Back in the days when CELCIS was the Scottish Institute for Residential Child Care (SIRCC), there was only an early awareness of what we now know as historical abuse.
We knew that many children had really good experiences in residential care when they were young - they’d told us about it. We were also aware of Edinburgh's Children: The report of the Edinburgh inquiry into abuse and protection of children in care and the 2002 Fife Inquiry into abuse of children by care home manager David Murphy. But we only became more directly involved with this when the Chief Executive of a voluntary agency approached us asking what we were going to do about historical abuse.
As a result, we hosted a Seminar in 2002, where a number of voluntary and statutory agencies were invited to share experiences of the emergence of abuse of children in residential care. However, it quickly became evident that the experiences of children who had lived in these homes were missing. Yes, there were academic articles and Inquiry reports, but there was very little which recorded the views of those adults who had been abused as children whilst living in residential care. This information gap flew in the face of one of SIRCC’s fundamental objectives - to work in partnership with all services stakeholders.
We badly wanted to close that information gap, but it was a highly sensitive issue; how should an eminent residential care organisation approach people who had been so badly hurt and abused within residential care? The answer was just to be open and honest - to respect the wealth of experience that survivors and victim/survivors bring, and to admit when we didn’t know something or had got it wrong.
As one of those tasked with closing the information gap, I initially approached In Care Abuse Survivors (INCAS). Through them, I was also contacted by Former Boys and Girls Abuse (of Quarriers Homes). I was warmly welcomed, and members invited me to meet a wide range of other survivors.

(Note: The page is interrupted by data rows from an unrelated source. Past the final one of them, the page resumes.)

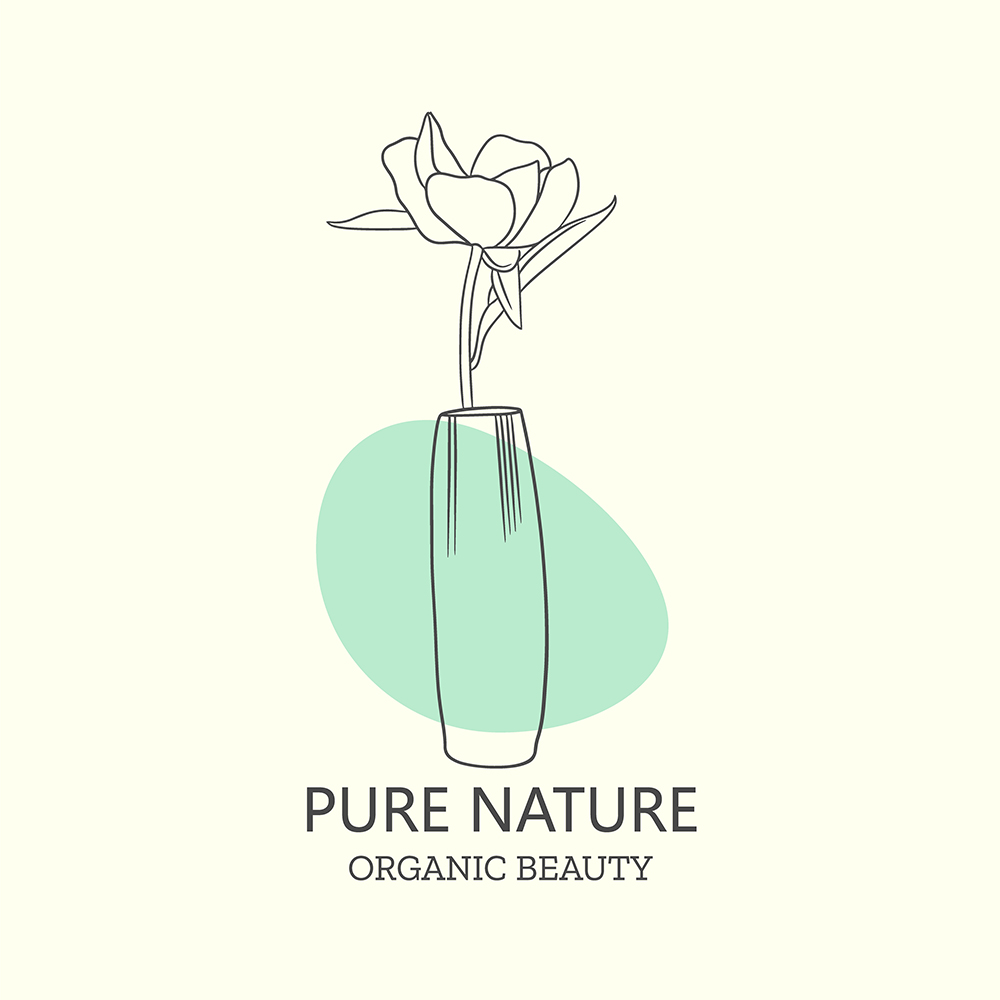 Hand Drawn Aesthetic Botanical Natural Logo for Branding in Modern Design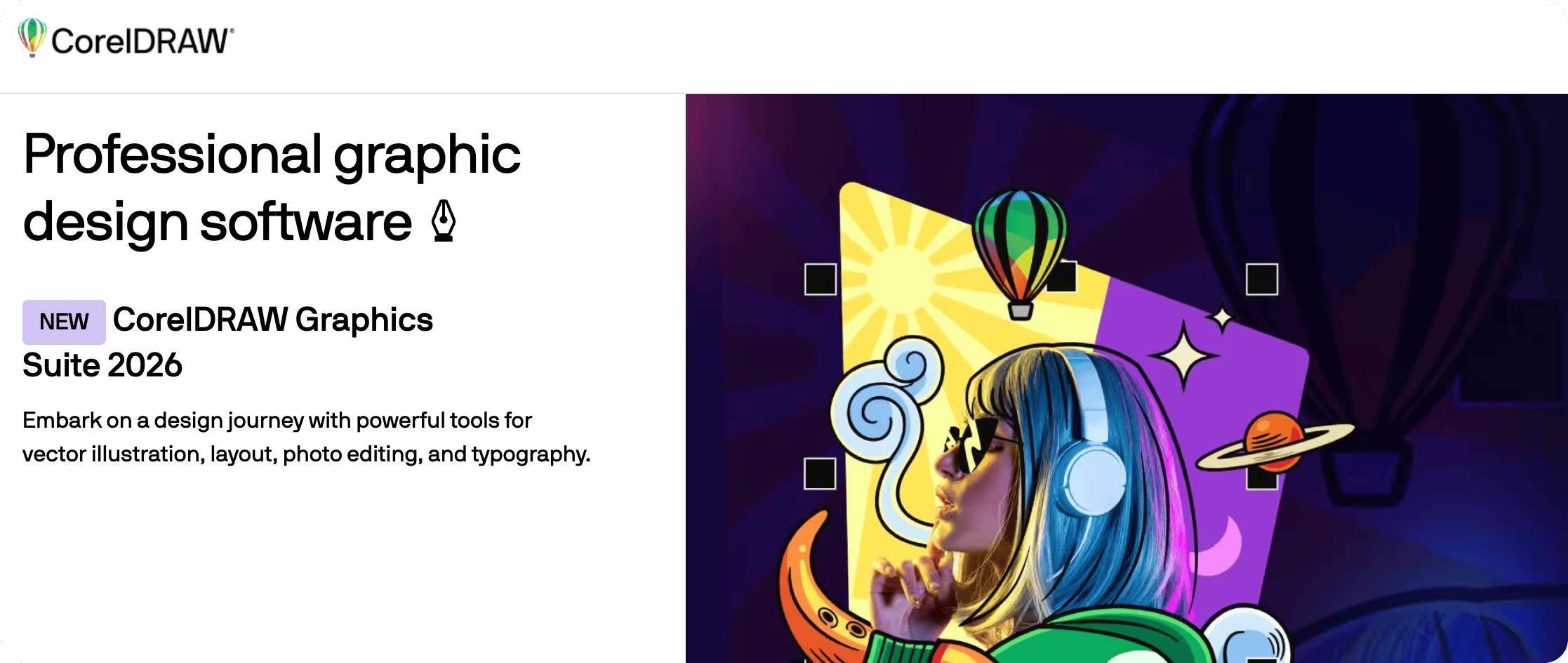 CorelDRAW Graphics Suite 2026 27.0.0.121，专业的绘图绘画软件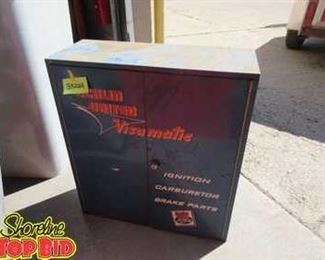 Vintage Echlin United Visumatic Metal Cabinet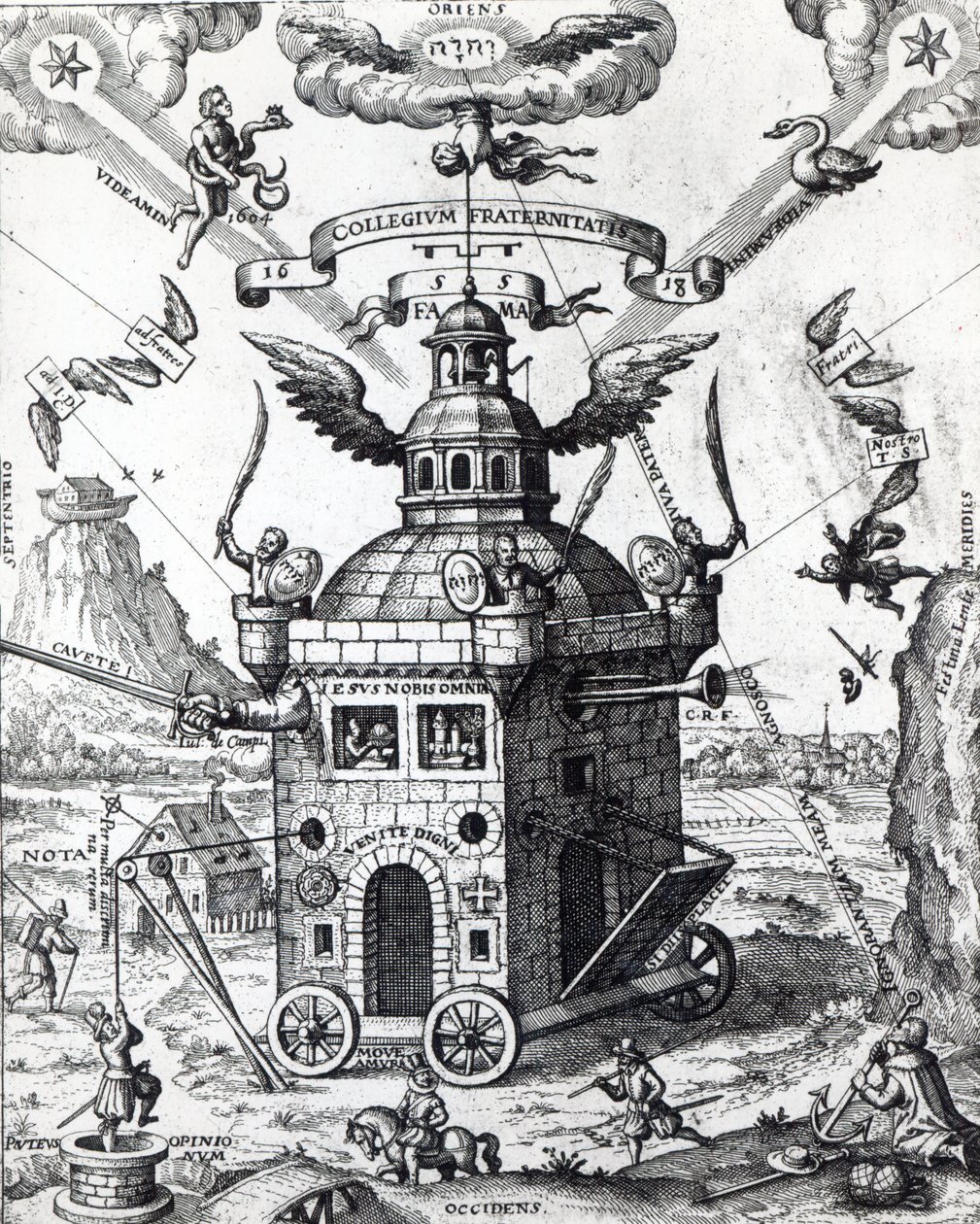 Frontispiece of Collegium Fama Fraternitatis by Theophilus Schweighardt, 1618 by German School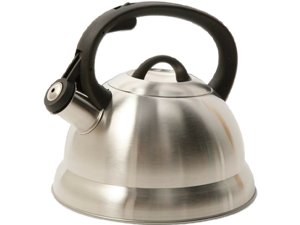 MR. COFFEE 91407.02 Flintshire 1.75-Quart Stainless Steel Whistling Tea Kettle, Silver MR. COFFEE 91407.02 Flintshire 1.75-Quart Stainless Steel Whistling Tea Kettle, Silver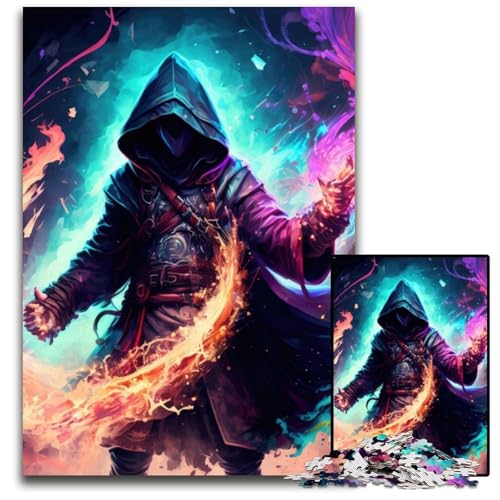 Zauberer, Hexenmeister, Magier, Puzzle für Erwachsene, 1000 Teile, Holzpuzzle, Denksportaufgabe für Teenager, 26x38cm Zauberer, Hexenmeister, Magier, Puzzle für Erwachsene, 1000 Teile, Holzpuzzle, Denksportaufgabe für Teenager, 26x38cm von LGSHENG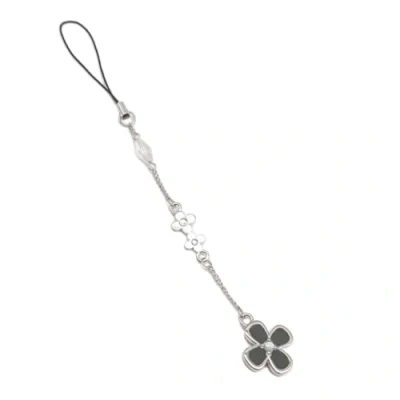 Image of JSGHGDF Clovers Charm Mobile Phone Chain Lanyard Cartoon Anime Flower Pendant Keychain Hanging Rope Strap Backpack Bag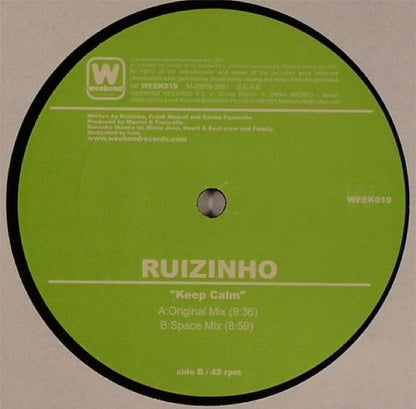 Ruizinho : Keep Calm (12")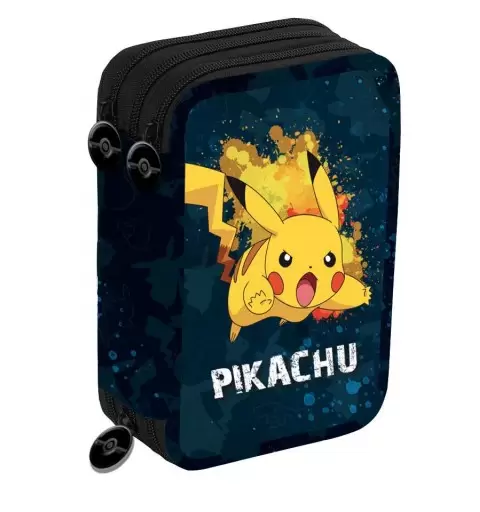 ASTUCCIO PIKATCHU - PORTAPASTELLI TRIPLO POKEMON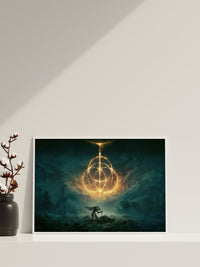 Elden Ring Leinwand Wandkunst, Elden Ring Leinwand Wanddekoration, Gaming Poster, Geschenk für Gamer, Dark Souls Poster, Marika Poster
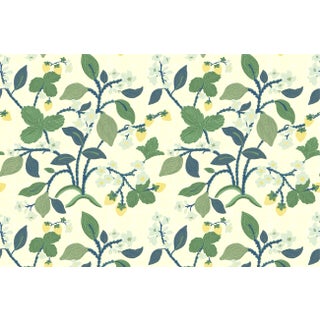 Strawberry Hill Lemon Grove Yellow Fabric by the Yard For Sale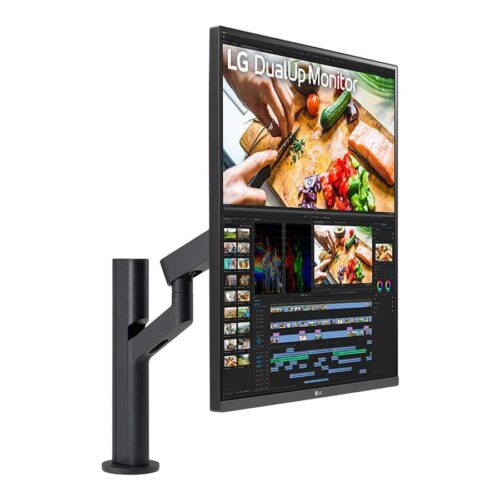 LG 28MQ780-B ergo Écran LED – 28″-  2560 x 2880 SDQHD @ 60 Hz – Nano IPS – 300 cd/m² – 1000:1 – HDR10 – 5 ms – 2xHDMI,DP, USB-C, HP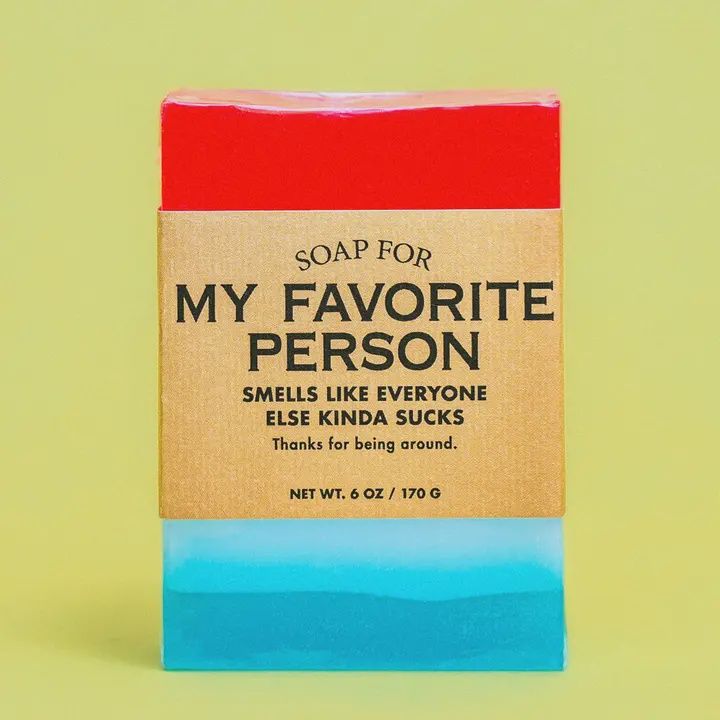 Fun Soap, Pattern: Favorite Person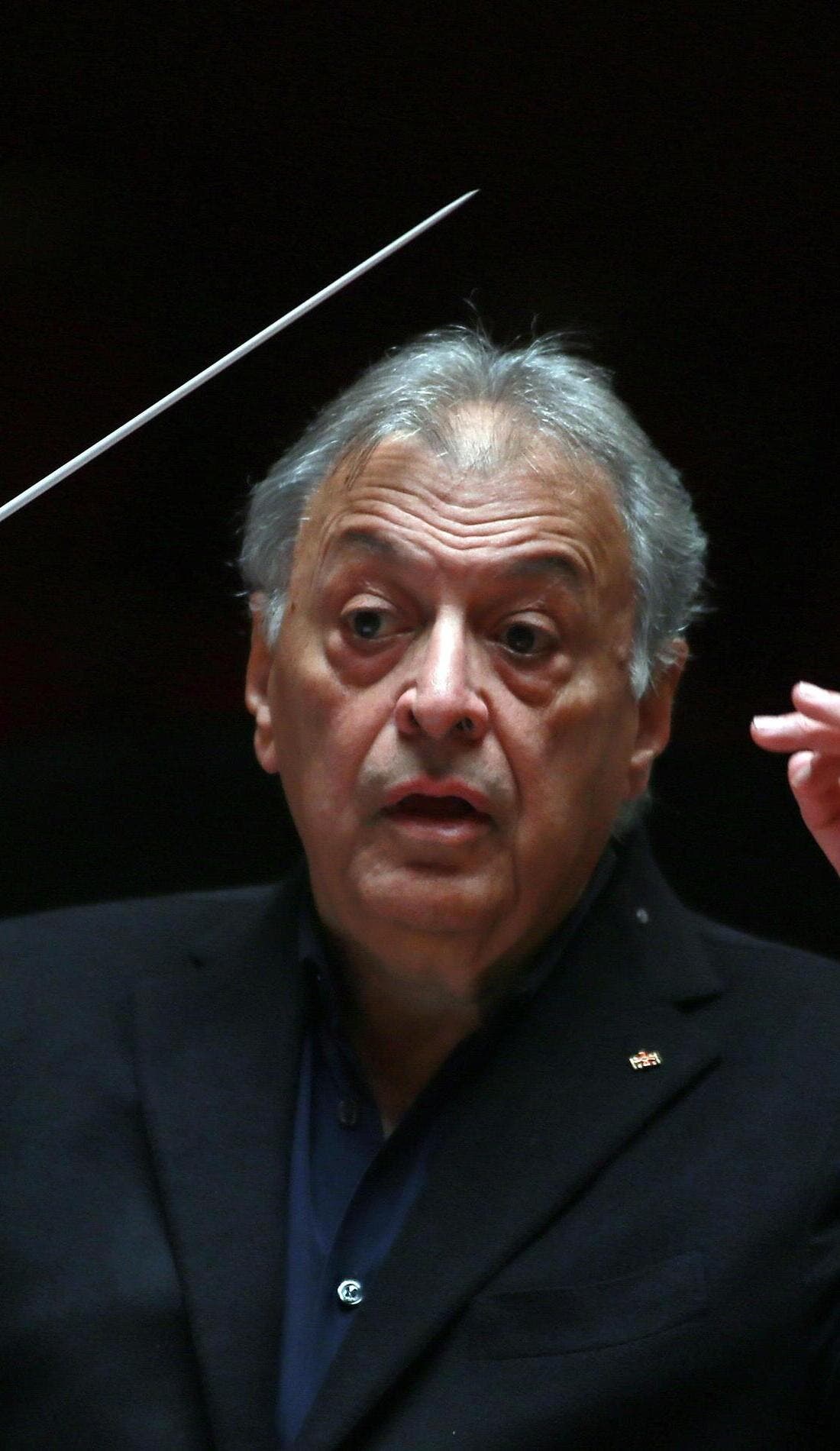 Zubin Mehta promotional image for upcoming events and ticket sales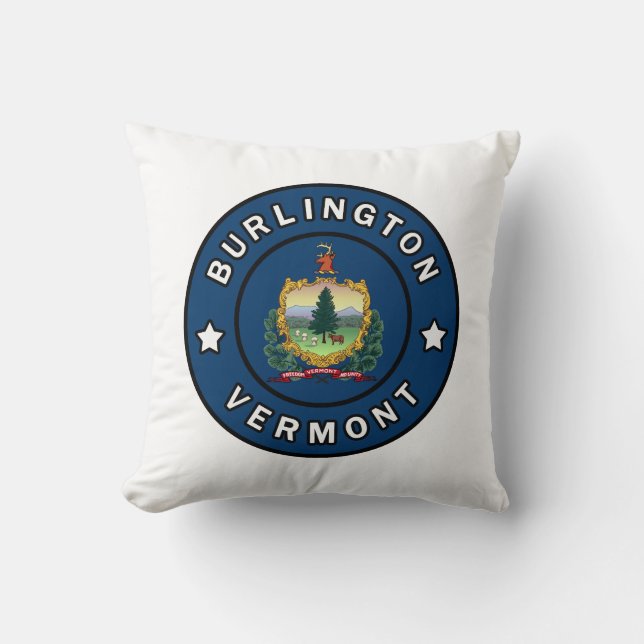 Burlington Vermont Kudde (Framsida)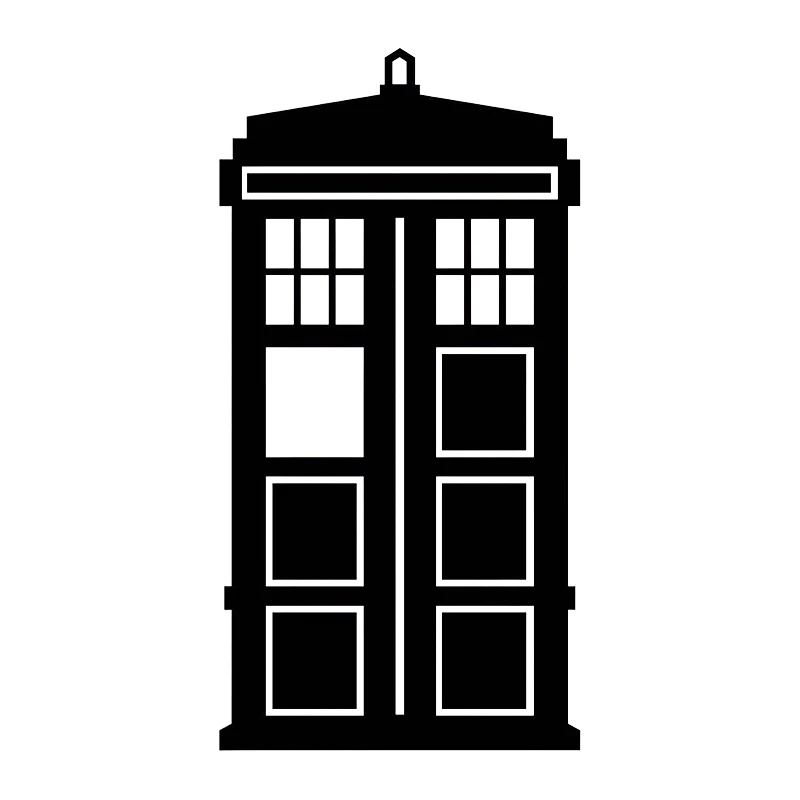 

16*8.2cm Doctor Who Tardis Car Window Vinyl Sticker Decal New Style Hot Car Accessories Motorcycle Helmet Car Stickers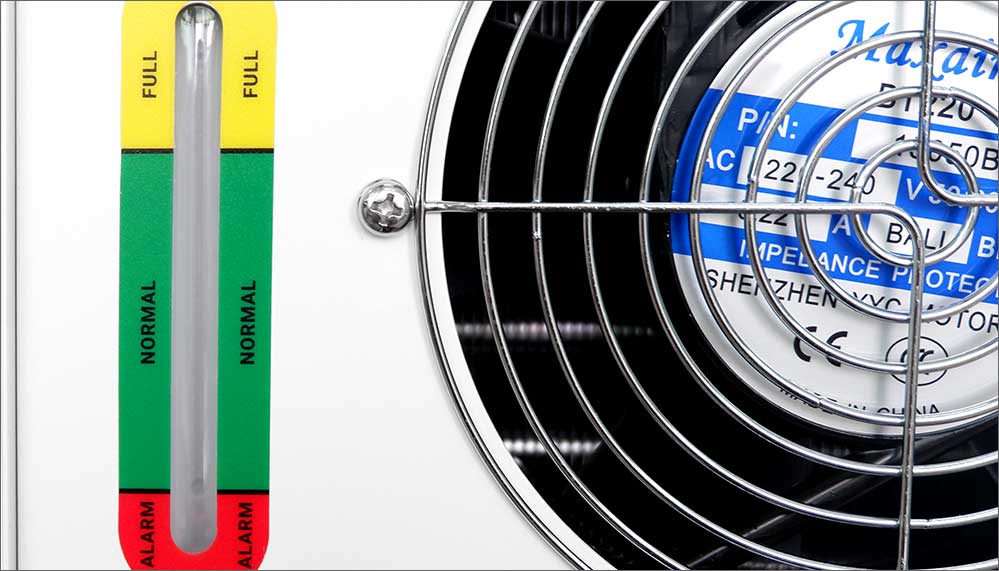 cooling fan & level check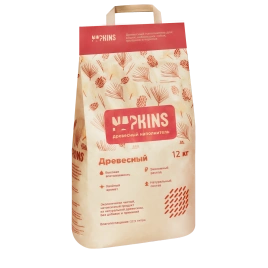 Наполнитель Napkins древесный наполнитель, 22.5 л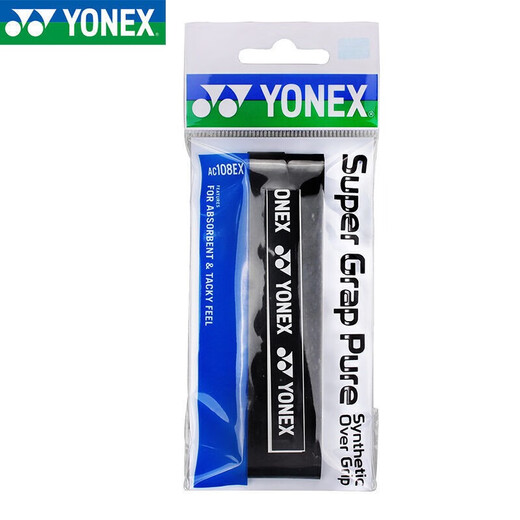 YONEX尤尼克斯手胶ac108ex羽毛球拍yy防滑吸汗带手胶 AC108EX 黑色 单条装 超薄防滑
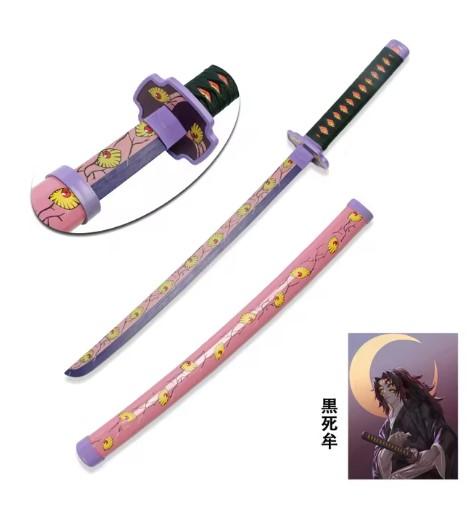 Kimetsu no Yaiba Original Anime Katana Cosplay Weapon Demon Slayer Sword Zenitsu Kyoujurou Tanjiro Swords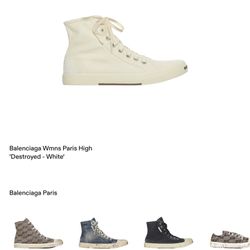 Balenciaga Women’s Distressed Hightops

I met people who were in residential care from as far back as 1915. One common thread was that while all had suffered maltreatment either by an individual or by the wider care system, many were quick to tell of the good experiences, and spoke highly of individuals who were role models, those carers who inspired them and fought their corner.
It has been a long road for survivors to have their voices heard but I have shared a little of that journey with them.
I’ve visited the site of one children’s home with some survivors, and we spoke of their memories. And when possible I attend the annual memorial service run by survivors. As the Scottish Government agenda on addressing historical abuse gathered pace and we began working with Scottish Human Rights Commission, it was obvious that SIRCC, and later CELCIS, should play an important part in that work, and I’m still involved.
Sadly, time goes on, and I have now attended funeral services of some of those survivors I met on the way, but the journey continues. Many of us still strive for justice for survivors of historical abuse, and are working to ensure that it cannot happen to children in care today. It’s only by working in partnership, and hearing the voices and unique experiences of care leavers and survivors of institutional abuse, that justice can be contemplated, and children in care can be properly protected now, and into the future.
The Scottish Government is holding a public inquiry into historical child abuse in Scotland.